The following is the conclusion of a two-part guest post by Scott Nadeau of theDarkWaterPress. Part I: Of Urban Builders and Rural Hunters recounts Scott’s childhood in a suburb of Las Vegas, Nevada, and is built on the underlying theme of the summer monsoon. If part one was a retrospective, then part two is heavily introspective in nature. *
Oh, and the suggested soundtrack to this post? How about “Good Riddance (Time of Your Life)” by Green Day, or possibly Linkin Park’s “What I’ve Done” (a particularly good fit, in my opinion). I’m sure Mr. DarkWater will loathe at least one of these selections. I’ll let that be his problem.
After a number of years in this neighborhood, another relocation was made. Back to Henderson proper, but into a newer development. These were my High School years and my interests began to change again. My high school friends and I discovered punk music and we soon formed our own punk band. My time as a desert explorer had passed, as had my time as an urban builder. Quite possibly, it might be imagined, that it was these two former occupations of mine that in some ways lead me to the punk rock subculture.

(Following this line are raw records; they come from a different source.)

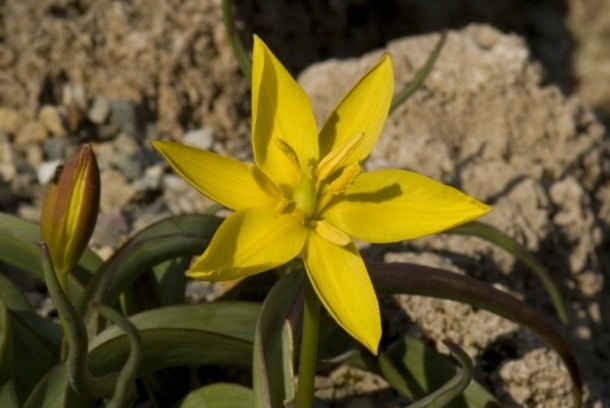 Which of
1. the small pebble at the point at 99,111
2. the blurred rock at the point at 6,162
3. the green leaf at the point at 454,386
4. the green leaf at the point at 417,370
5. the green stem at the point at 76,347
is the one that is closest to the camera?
the green stem at the point at 76,347

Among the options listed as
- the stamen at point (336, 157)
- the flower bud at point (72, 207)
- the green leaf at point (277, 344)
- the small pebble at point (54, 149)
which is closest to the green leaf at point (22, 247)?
the flower bud at point (72, 207)

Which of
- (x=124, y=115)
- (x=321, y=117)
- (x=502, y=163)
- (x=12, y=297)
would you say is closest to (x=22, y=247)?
(x=12, y=297)

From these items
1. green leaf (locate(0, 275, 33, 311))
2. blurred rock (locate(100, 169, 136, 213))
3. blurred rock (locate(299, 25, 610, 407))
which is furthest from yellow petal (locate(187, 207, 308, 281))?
blurred rock (locate(100, 169, 136, 213))

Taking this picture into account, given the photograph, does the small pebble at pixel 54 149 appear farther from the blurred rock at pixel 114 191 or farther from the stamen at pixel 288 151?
the stamen at pixel 288 151

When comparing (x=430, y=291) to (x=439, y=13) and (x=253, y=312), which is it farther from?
(x=439, y=13)

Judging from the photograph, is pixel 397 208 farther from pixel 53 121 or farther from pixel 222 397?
pixel 53 121

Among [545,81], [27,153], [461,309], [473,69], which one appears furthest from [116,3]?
[461,309] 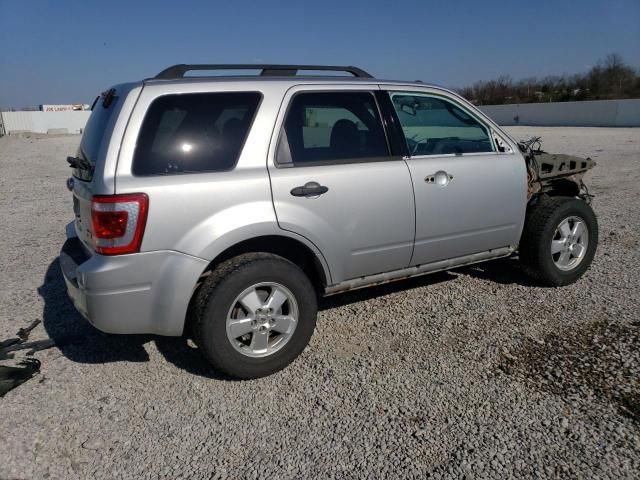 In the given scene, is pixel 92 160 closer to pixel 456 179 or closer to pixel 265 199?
pixel 265 199

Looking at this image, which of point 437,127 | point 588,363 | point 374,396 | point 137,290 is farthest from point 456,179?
point 137,290

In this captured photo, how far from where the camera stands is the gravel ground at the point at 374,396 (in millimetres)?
2586

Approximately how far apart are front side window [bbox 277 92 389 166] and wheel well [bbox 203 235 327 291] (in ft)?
1.72

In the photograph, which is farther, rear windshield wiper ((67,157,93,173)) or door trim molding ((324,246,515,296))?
door trim molding ((324,246,515,296))

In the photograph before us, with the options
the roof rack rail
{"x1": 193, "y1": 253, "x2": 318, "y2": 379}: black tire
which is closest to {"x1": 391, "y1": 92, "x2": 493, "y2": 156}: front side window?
the roof rack rail

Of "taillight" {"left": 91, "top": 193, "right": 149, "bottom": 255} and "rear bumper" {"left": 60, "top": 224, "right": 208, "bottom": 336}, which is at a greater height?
"taillight" {"left": 91, "top": 193, "right": 149, "bottom": 255}

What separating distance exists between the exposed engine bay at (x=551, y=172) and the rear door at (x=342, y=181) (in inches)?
61.1

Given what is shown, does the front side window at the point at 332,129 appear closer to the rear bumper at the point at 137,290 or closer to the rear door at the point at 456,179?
the rear door at the point at 456,179

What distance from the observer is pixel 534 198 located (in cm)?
481

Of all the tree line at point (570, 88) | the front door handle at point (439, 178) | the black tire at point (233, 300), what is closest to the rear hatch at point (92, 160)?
the black tire at point (233, 300)

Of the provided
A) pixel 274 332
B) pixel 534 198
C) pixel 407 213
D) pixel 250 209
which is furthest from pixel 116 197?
pixel 534 198

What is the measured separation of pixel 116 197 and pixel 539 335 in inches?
119

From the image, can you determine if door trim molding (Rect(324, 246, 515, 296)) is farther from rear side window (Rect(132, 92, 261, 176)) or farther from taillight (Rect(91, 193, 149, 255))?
taillight (Rect(91, 193, 149, 255))

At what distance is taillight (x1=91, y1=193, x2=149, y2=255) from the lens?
2875mm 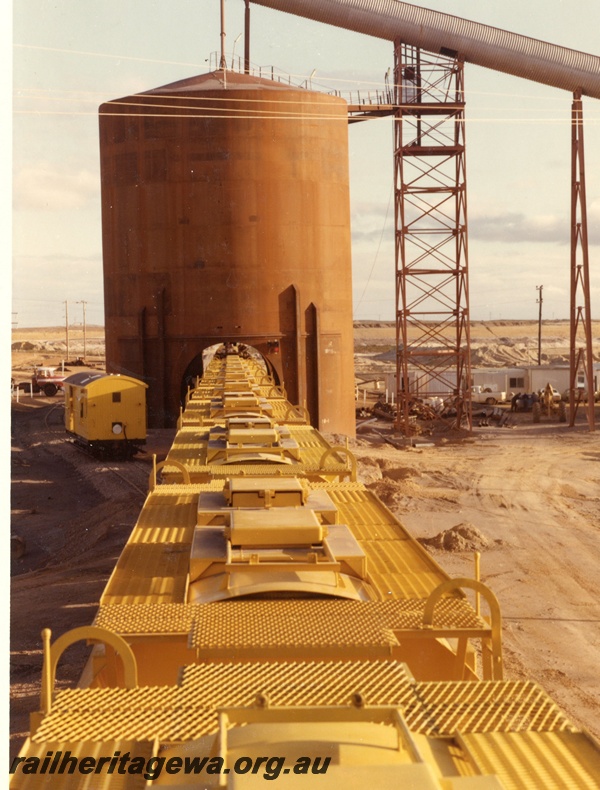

With more mobility and a new host of friends and acquaintances from bands in other parts of the city, I was now part of a network of individuals that was both attempting to build a type of culture, as well as destroy, or at least subvert a culture that we were dissatisfied and bored with. This was a process of exploration and it often led us to remote locations in the surrounding deserts of Las Vegas where loosely organized outdoor punk shows could take place with little possibility of interruption from civilizations various forms of authorities. We would gather in large caves, or simply off of remote desert trails with band equipment and generators. We created our own music, our own form of expression, in a place that through a process of exploration, for the time being, belonged solely to us. We successfully built a habitation that offered us freedom according to our terms, rather than a prescribed freedom provided by unknown officials.